If I check with a 3rd party MD5 utility, it gives the correct hash (same as Google Drive). I've tried downloading separate to my app (ie. through the browsers), just in case my app is doing something weird with the download, but that also fails when checking the md5 hash through my app. So it's clearly something happening at my end.
I'm using the c# System.Security.MD5 library, using TransformBlock and TransformFinalBlock. I've tried different buffer sizes, just for fun, but no luck. I did also try the full file - ComputeHash(Stream) - but this fails as well).
The only thing I can see (as a complete grasping at straws) is that the inputOffset and inputCount parameters are int, which could account for the 2GB limit if these functions have an internal "total file size" or similar which is also an int (32 bit signed - assumed).
The other thing I am noticing is that the process will pause every 8-25%, with no CPU, disk, RAM, garbage collection, or other activity for anywhere up to a couple of minutes before it continues. When it's "running" I see disk, CPU, etc., as expected, and progress goes reasonably quickly.
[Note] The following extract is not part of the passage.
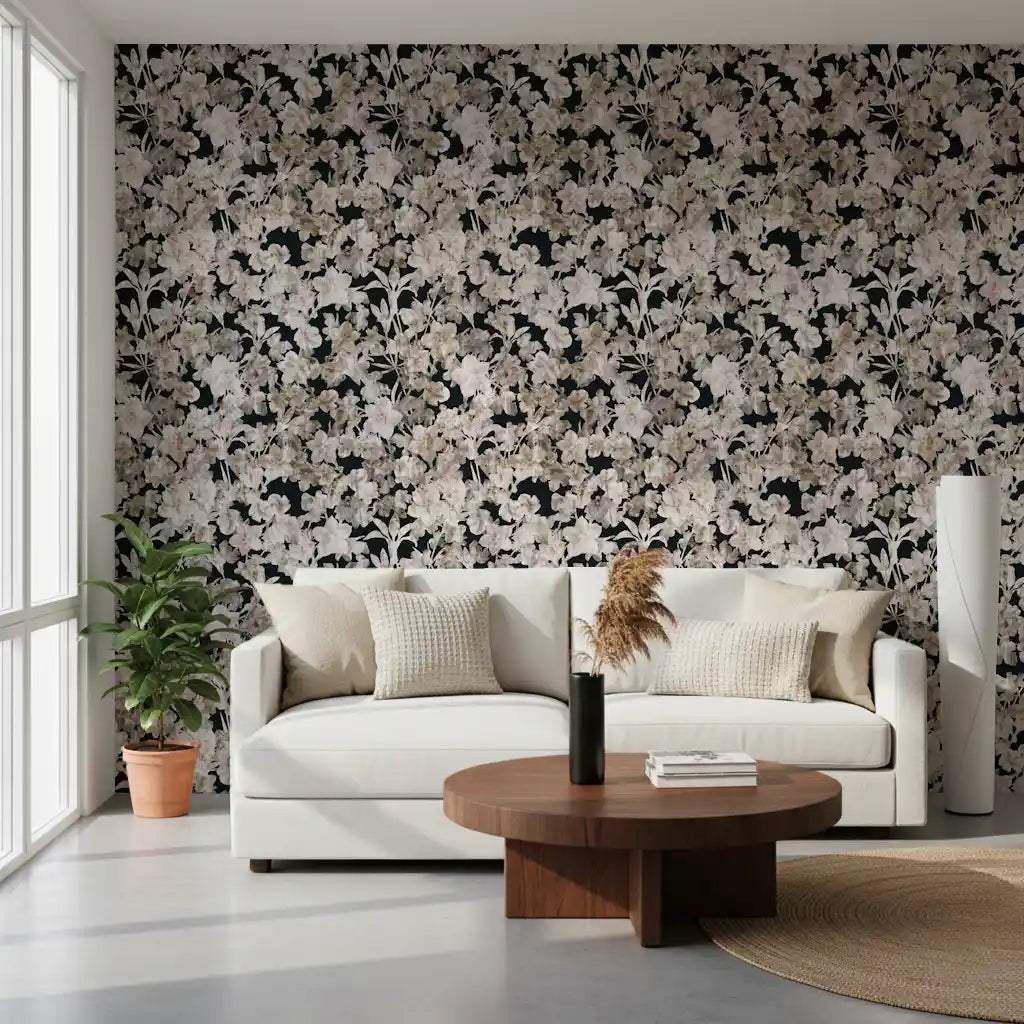 Rustic Floral Silhouette Art Wallpaper⁠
This pause doesn't seem to affect whether the final hash is "successful" or not, but may be related (I see it on largish files under 2GB as well).
Does anyone know if this is an issue? I've seen a couple of people asking similar questions on issues with large file hashes, but with the unhelpful answer that hashes should always be the same... Yes, they should, but it appears they might not be. The weirdest thing is the occasional hash works on a large file.
Below is a simplification of the code (error checking, progress reporting, etc. taken out for quick readability - and yes, I've tried this simplified code as well - same issue). Not the cleanest, but it works (aside from >2GB files). Thanks in advance for any advice or knowledge of the issue.
int buffersize = 65536;
using (var md5 = MD5.Create())
{
using (var stream = new FileStream(filename, FileMode.Open, FileAccess.Read, FileShare.Read, buffersize))
{
var block = new byte[buffersize];
int length = 0;
Int64 filesize = stream.Length;
Int64 bytesread = 0;
length = stream.Read(block, 0, buffersize);
bytesread += length;
while (length == block.Length)
{
md5.TransformBlock(block, 0, length, null, 0);
length = stream.Read(block, 0, buffersize);
bytesread += length;
}
md5.TransformFinalBlock(block, 0, length);
bytesread += length;
}
var hash = md5.Hash;
return BitConverter.ToString(hash).Replace("-", "").ToLowerInvariant();
For absolutely no known reason, it now works. As best as I can guess (and it's completely theoretical and shouldn't happen), I was working on other parts of the app, and this shifted the location of something to avoid whatever was wrong...
It still pauses here and there for no known reason, but hashes are now returning correctly (matching when they should, not matching when they shouldn't).